• Exercise description: What you write must be the lines from the one holding "Used 2025 Toyota" through the final line of the records below, reproduced exactly, minus the pictures.

• Material for the task:
········

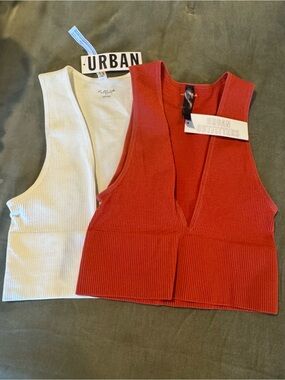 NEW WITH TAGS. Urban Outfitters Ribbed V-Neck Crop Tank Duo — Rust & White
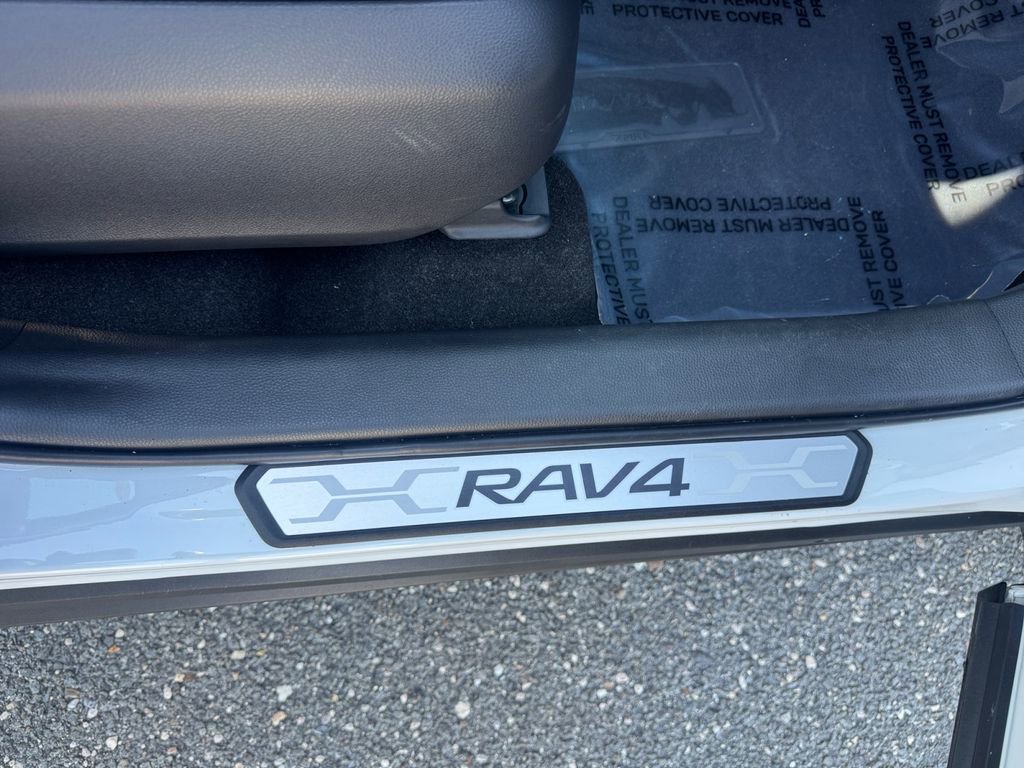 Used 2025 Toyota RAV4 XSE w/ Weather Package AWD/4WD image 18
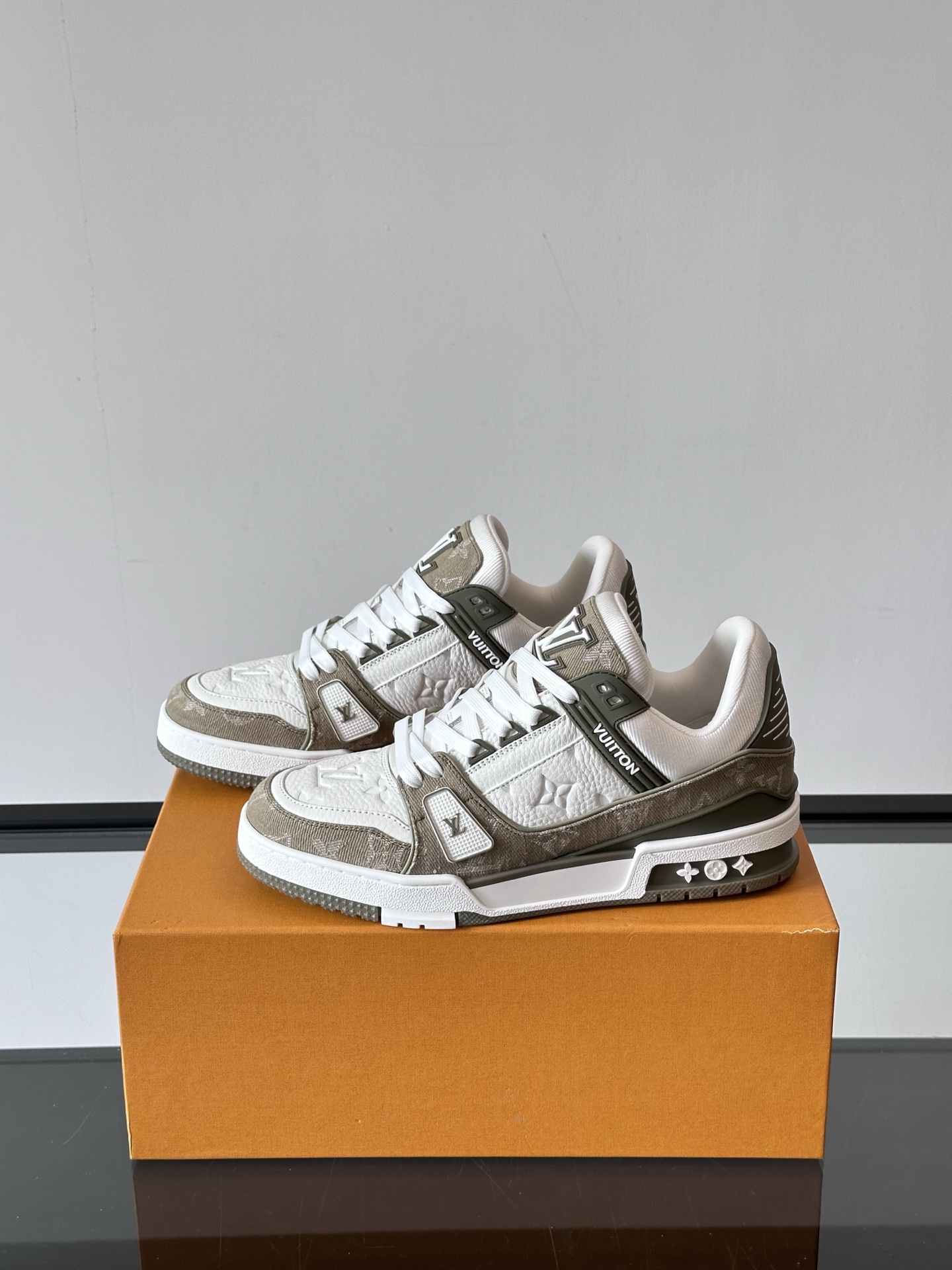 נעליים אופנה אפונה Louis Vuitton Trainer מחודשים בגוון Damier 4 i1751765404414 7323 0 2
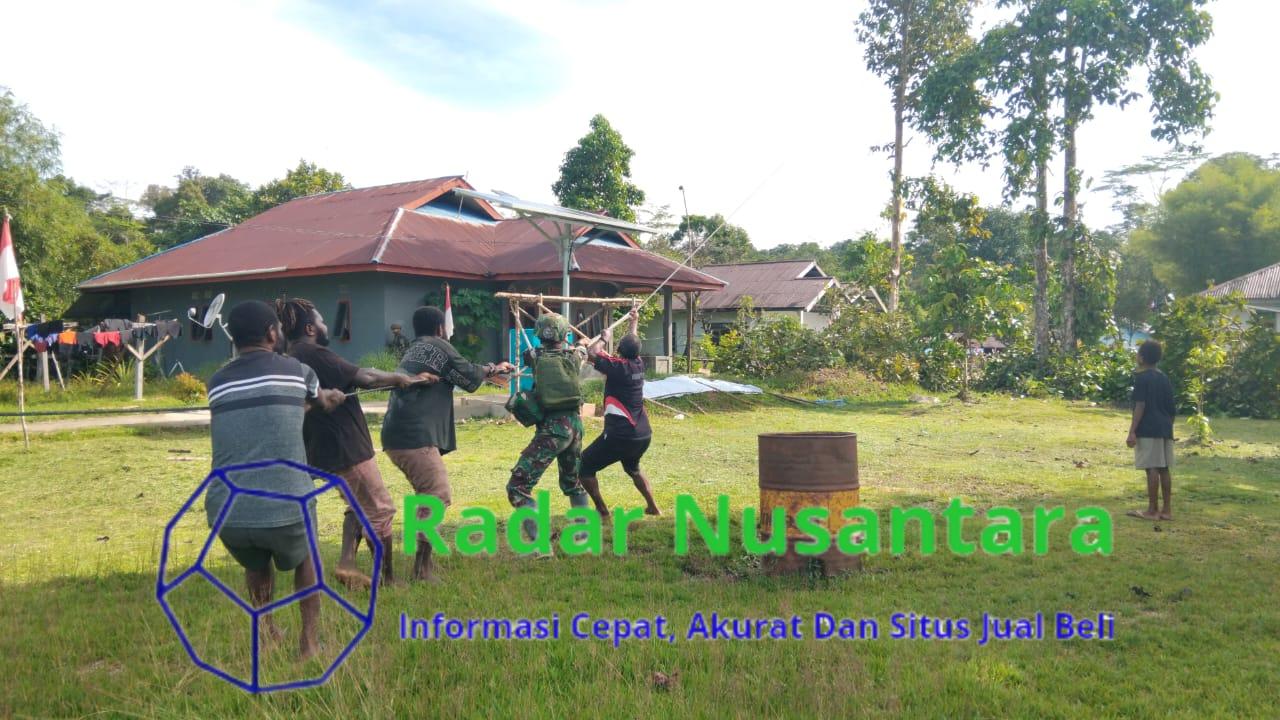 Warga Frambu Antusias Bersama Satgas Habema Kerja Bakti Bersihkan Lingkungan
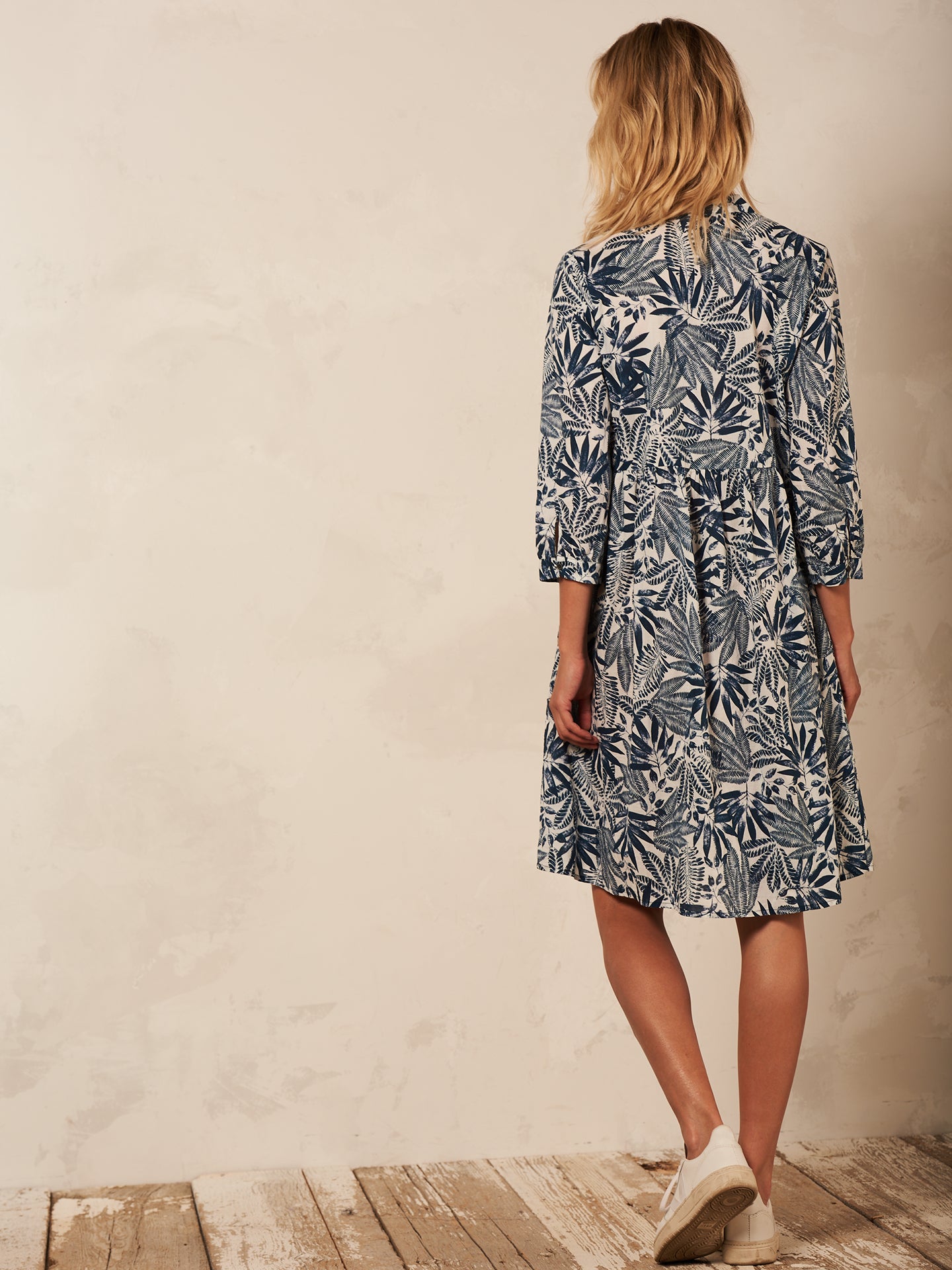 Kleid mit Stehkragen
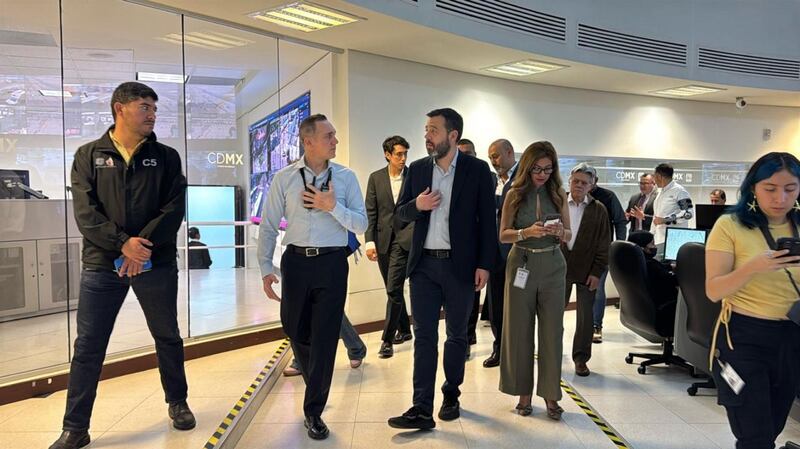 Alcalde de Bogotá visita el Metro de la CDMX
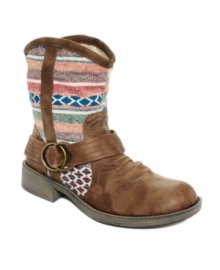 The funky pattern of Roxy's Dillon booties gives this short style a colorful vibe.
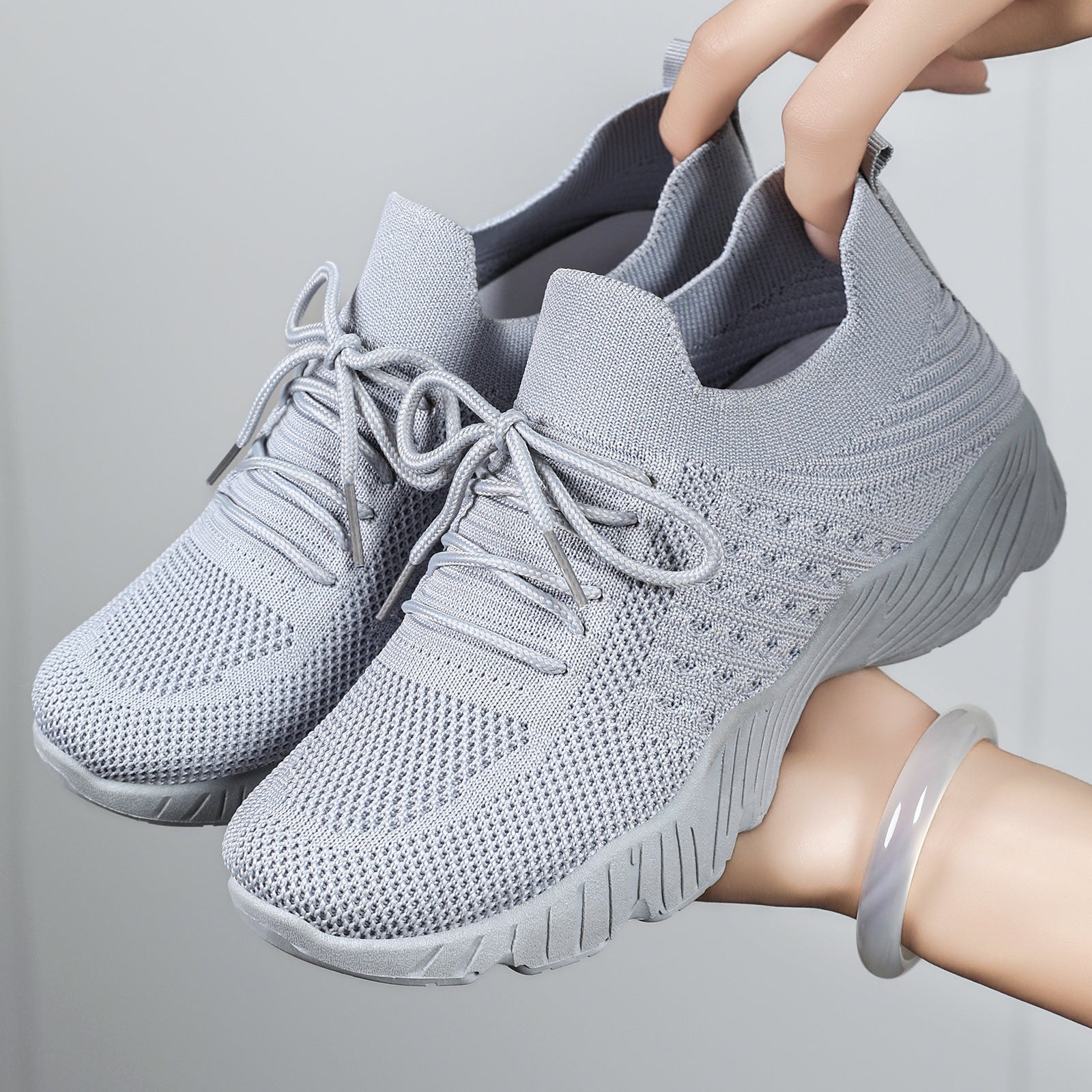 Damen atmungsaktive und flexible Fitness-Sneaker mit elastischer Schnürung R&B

········

• Exercise response:
 Used 2025 Toyota RAV4 XSE w/ Weather Package AWD/4WD image 18
 נעליים אופנה אפונה Louis Vuitton Trainer מחודשים בגוון Damier 4 i1751765404414 7323 0 2
 Warga Frambu Antusias Bersama Satgas Habema Kerja Bakti Bersihkan Lingkungan
 Kleid mit Stehkragen
 Alcalde de Bogotá visita el Metro de la CDMX
 The funky pattern of Roxy's Dillon booties gives this short style a colorful vibe.
 Damen atmungsaktive und flexible Fitness-Sneaker mit elastischer Schnürung R&B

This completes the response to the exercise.